The increment on prices during the first two weeks is very similar to all cards. However, the price falling that comes right after varies from player to player. Some get more devaluated because they didn’t match the expectations. This period of two weeks corresponds to the game’s learning curve and at this point players are already sharp enough into the game play to realise if the players are effectively good or if their price needs adjustment.
The price behaviour we described here isn’t equal to all players. The most expensive cards tend to lose their value more slowly. This happens because the amount of coins circulating gets bigger with time and more people are able to buy stars. They no longer want to buy ordinary players and so go for the expensive ones, those that are missing for their squad’s completion. More people are willing to pay more to have good players. This makes the most expensive players’ prices get even more distant to the less expensive ones, as you can see on the image below.
In some extremely rare cases, such as what happens with Messi and Ronaldo, the player’s price never goes down. It can be the opposite, though: it might go up. Obviously there are fluctuations, but those are justified by other factors that we’ll explain later on this guide. We’re just talking about general tendencies. The justification for this potential price increment is the same as the ones we gave before: while there’s game, there will always be someone wanting to buy these players. If that’s your case do it, but have the coins for them first, of course. If you postpone your purchase, you’ll probably pay more unless you also get the coins for other players that just had their price lowered.
Happy Hours
Happy Hours are responsible by prices dropping over the time
As we’re going to see there are many factors which may contribute for price variation, but few or none are as effective as Happy Hours. They hit the market’s balance by disrupting the natural relation between supply and demand. Thousands of players will buy packs, increasing not only the coin circulation but also the card circulation on the market.
The effect of this alteration is about an immediate price fall. Prices will be maintained low while the Happy Hour is going on and as it ends the market quickly absorbs the additional cards, making their prices go back to what they were before. Or almost. Actually, the prices are affected during and after the Happy Hour. This variation between the price that was supposed to be if a Happy Hour never happened and the price that effectively shows up after one normally goes from 3 to 5% of the card’s value.
As the years go by, EA does more and more Happy Hours. At this point people only get interested in 35k, 50k and 100k Happy Hour packs. The bigger the packs, the more prices will fall.

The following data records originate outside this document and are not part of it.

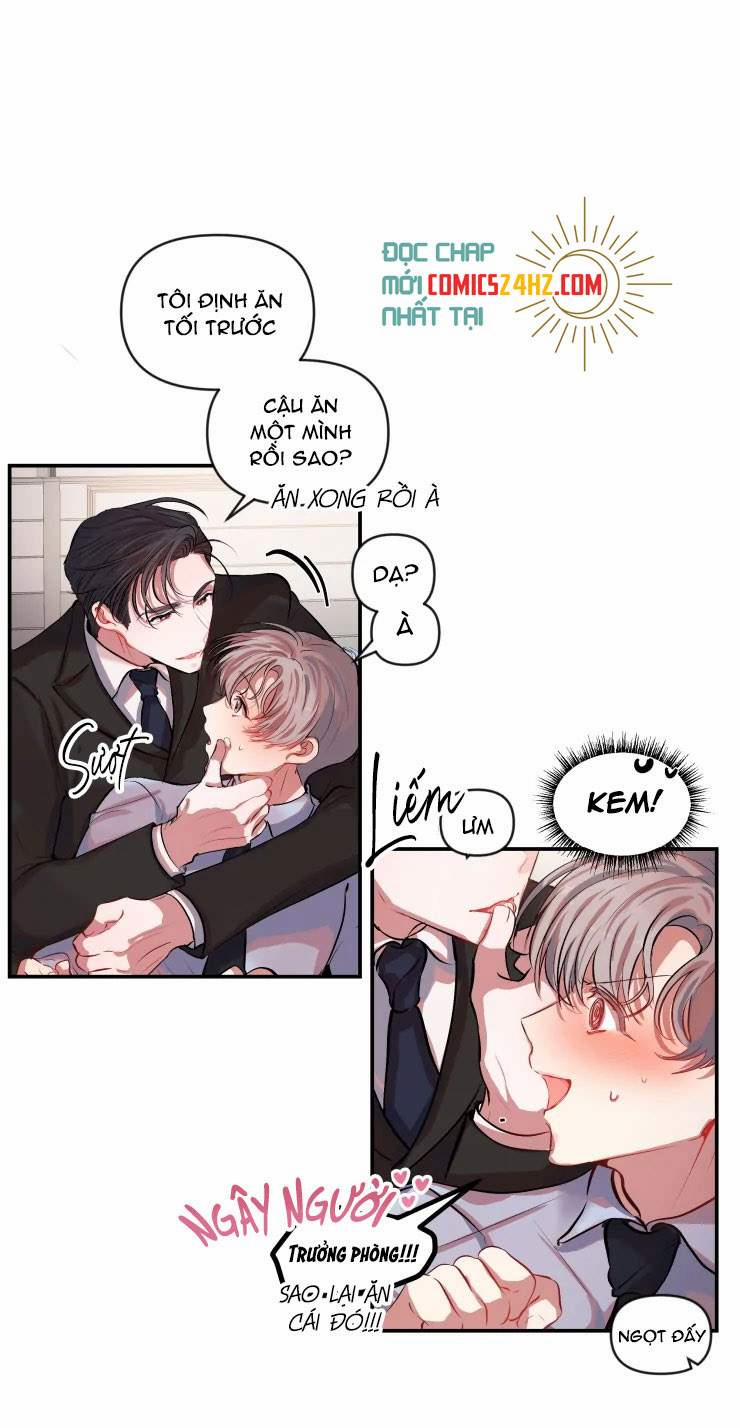 Hợp Đồng Yêu Đương 9 trang 10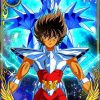 Hero Pegasus Seiya Diamond Paintings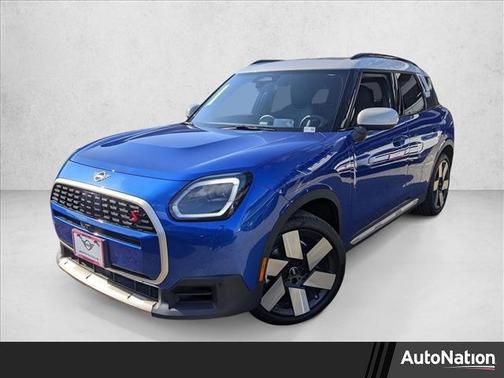 2026 MINI Countryman Cooper S ALL4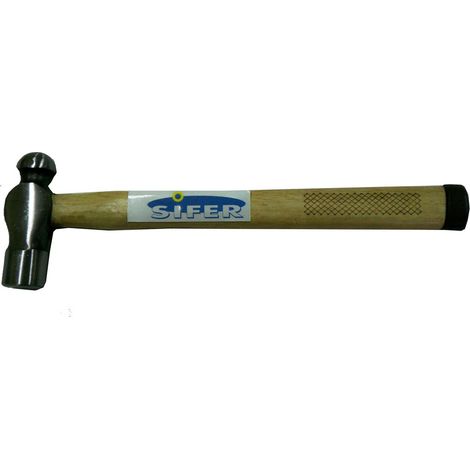 Martello a sfera in legno Sifer B12 Oz 340 Gr 20212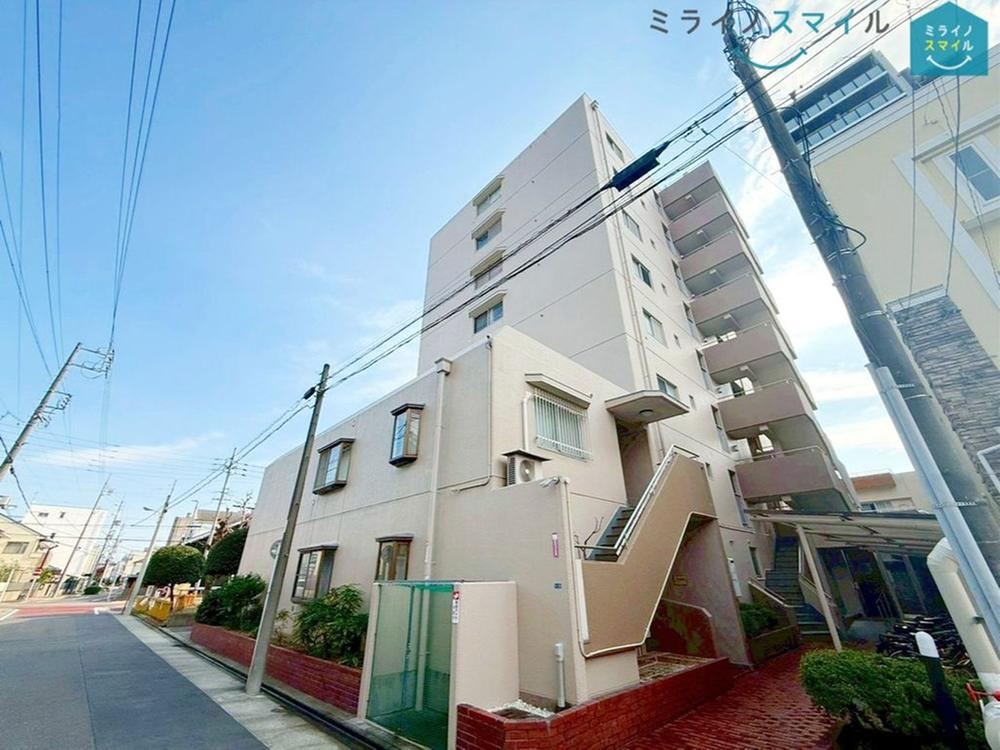 3LDK apartment in Nishi Ward, Nagoya, Aichi - Photo 1
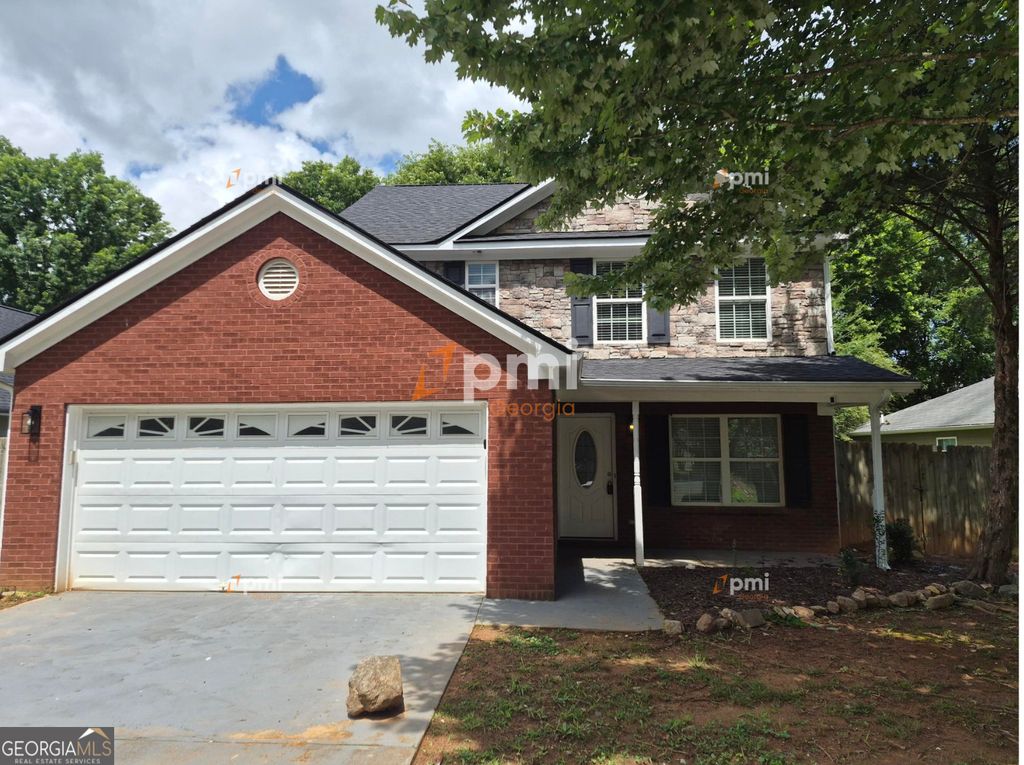 304 Klinetop Drive, Mcdonough, GA 30253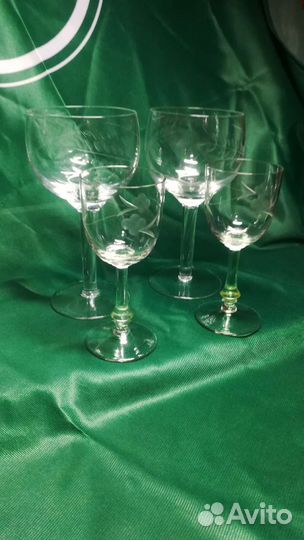 Стекло/бокалы винтаж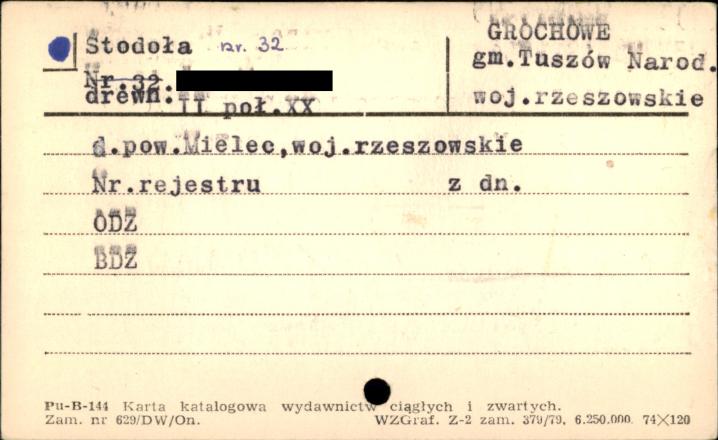 stodoła, skan 1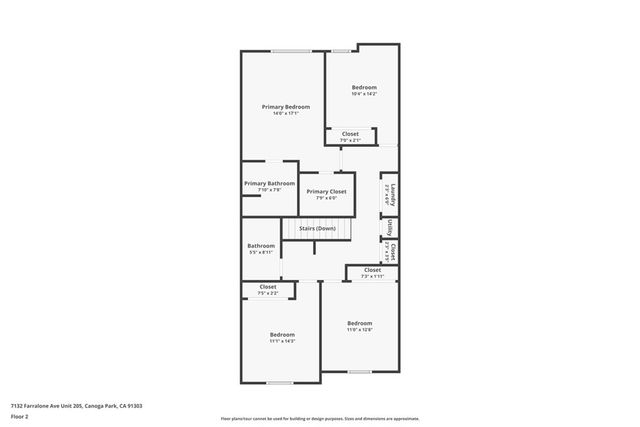 7132 Farralone 205, Canoga Park, CA 91303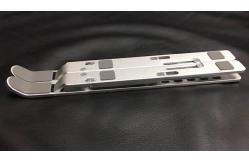China CNC Lathe Machining 250g Tablet Reading Stand / Folding Macbook Stand Durable supplier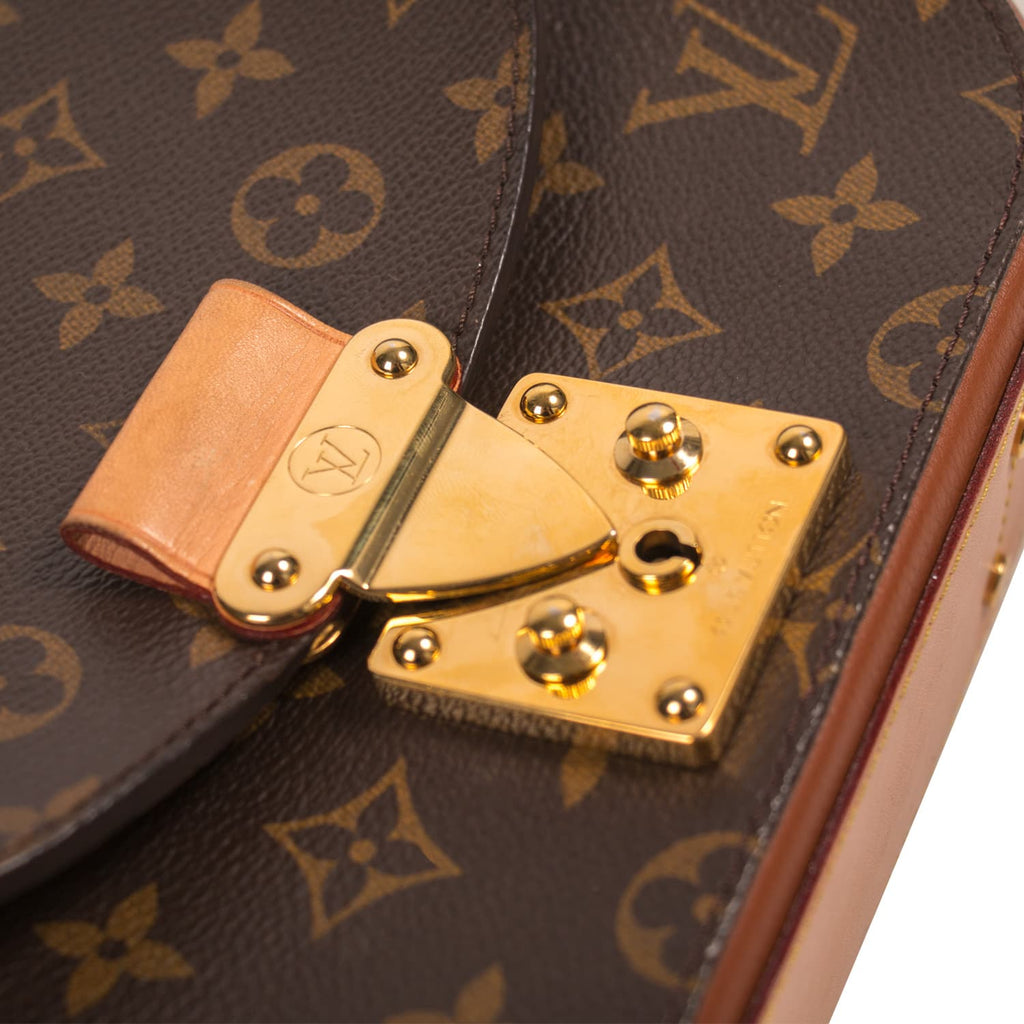 Louis Vuitton Eden Monogram Canvas Shoulder Bag ○ Labellov ○ Buy and Sell  Authentic Luxury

Let’s take a look at a practical case in order to realise what happens. Let’s get Koscielny as an example (it could be any other player), during the second and third weeks of November, period while seven different Happy Hours happened as you can see here. Such frequency of pack openings justifies why his price on the 20th was a lot lower than what it was on 7th of November. The most significant price decreases are noticed on 9/10 and 16/17, precisely when the 35k and 50k Happy Hour packs are released. The others were 25k and 15k Happy Hour packs. Notice how after the Happy Hours end the price is inferior to what it would be if a Happy Hour never happened while the natural tendency for it would be to stay the same. If on this image everything seems quite obvious to you, imagine 100 different ones, that’s what we did.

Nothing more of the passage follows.